Die Erfahrungen von Oscar Ruth
Oscar Ruth ist zum Interviewzeitpunkt 15 Jahre alt und hat ADHS. Er ist der Bruder von Tessa und Marco Ruth. Oscar sieht nicht nur Nachteile durch die Störung: Sein Aktivitätsdrang hilft ihm beispielweise, ein guter Sportler zu sein. Oscar Ruth hat einer Veröffentlichung seines Interviews in der Textversion zugestimmt.
Oscar ist 15 Jahre und hat wie zwei seiner Geschwister ADHS. Er selbst erhält im Gegensatz zu ihnen keine Medikamente. Vereinzelt hat er aber schon Tabletten probiert. Nicht zuletzt wegen der möglichen Nebenwirkungen nimmt er keine Tabletten und will es lieber aus „eigener Kraft“ schaffen. Er kann sich aber durchaus vorstellen, Tabletten später einmal zu nehmen, z. b. für das Abitur.

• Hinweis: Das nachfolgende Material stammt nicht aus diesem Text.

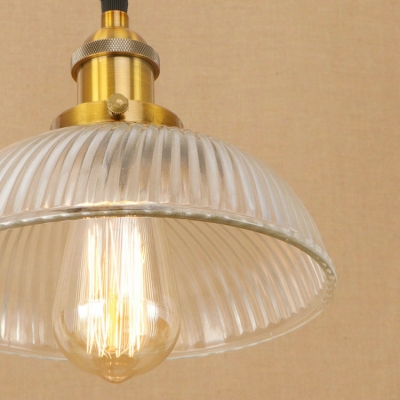 Industrial Semicircle Pendant Light Ribbed Glass 1 Bulb Drop Light in Brass/Copper for Dining Room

Oscar erzählt von großem „Bewegungsdrang“ und dass er durch Sport und insbesondere Fußball diesen „Energiestau ablassen“ kann. Sein Hauptproblem neben dem Bewegungsdrang ist, dass er vergesslich ist. Das könnte, fürchtet er, auf Andere so wirken, als hätte er keine Lust zuzuhören. Im Unterricht fällt ihm es schwer, aufzupassen und er ärgert sich darüber. Oscar sagt von sich, dass er eher ein „schlechterer Schüler“ ist und kann sich vorstellen, dass die ADHS einen „großen Einfluss darauf hat“. Wobei es sich bei der mündlichen Note eher positiv auswirkt, da er sich viel meldet: für ihn eine Möglichkeit, seine Energie produktiv einzusetzen. In sehr wichtigen Momenten, wie beispielsweise in einer „Drucksituation“, gelingt es ihm meist, sich „zusammenzureißen“, während er sich zuhause nicht „verstellt“, denn da kann er „richtig er selbst sein“.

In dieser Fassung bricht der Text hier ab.